YOUR OBJECTIVE:
The lines to return are those from the line holding "(2-cyclohexyl-ethyl)-guanidine" through the last line of the entries below, both included, written exactly and without pictures.
── DATA TO EXAMINE ──
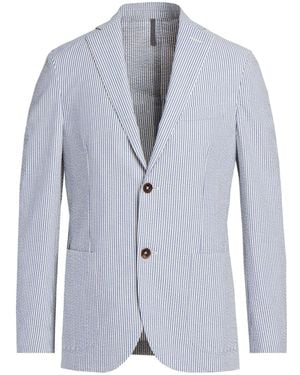 Montedoro Blazer Cotton, Elastane - Blue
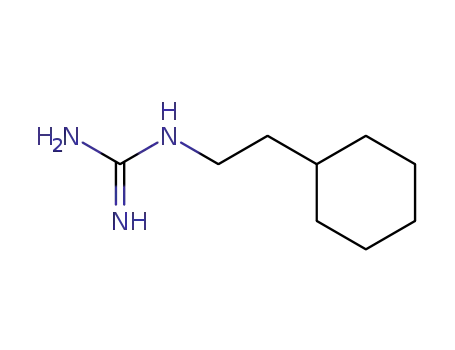 (2-cyclohexyl-ethyl)-guanidine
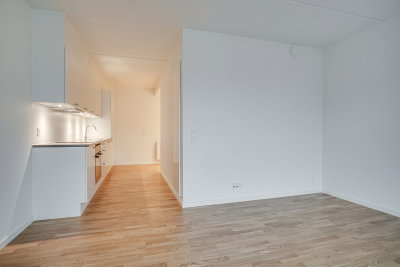 Bright 2-room apartment with private balcony - Carlsbergvej, Hillerød - 3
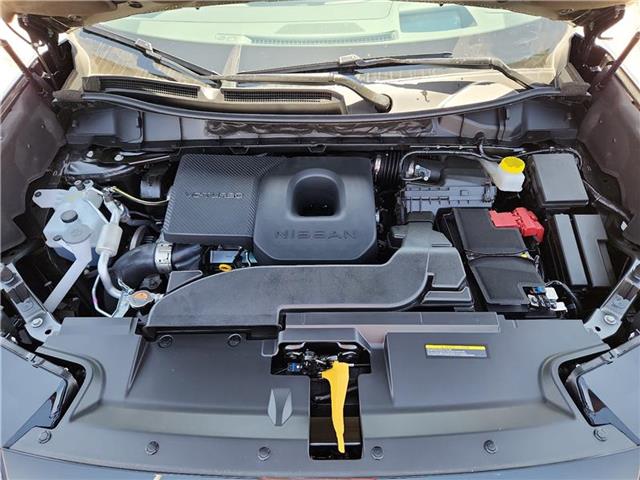 new 2025 Nissan Murano car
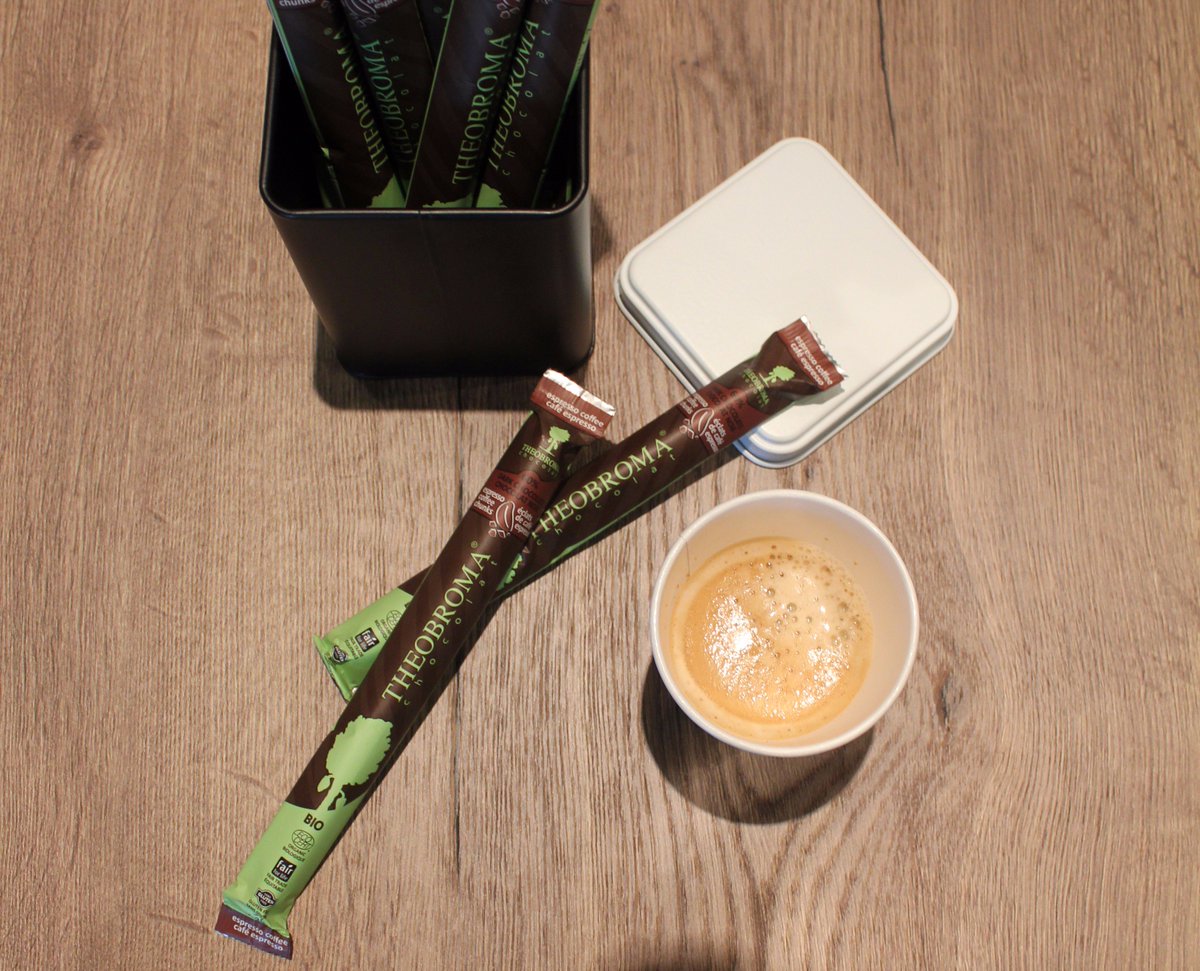 <a href="/Theobromachoco/">THEOBROMA CHOCOLAT</a> <a href="/planetbeancafe/">Planet Bean Coffee</a>, Boost your #cafeine level ! 
boostez votre niveau de caféine ce matin !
───
COMPLETED EXERCISE:
 (2-cyclohexyl-ethyl)-guanidine
 Bright 2-room apartment with private balcony - Carlsbergvej, Hillerød - 3
 new 2025 Nissan Murano car
 <a href="/Theobromachoco/">THEOBROMA CHOCOLAT</a> <a href="/planetbeancafe/">Planet Bean Coffee</a>, Boost your #cafeine level ! 
boostez votre niveau de caféine ce matin !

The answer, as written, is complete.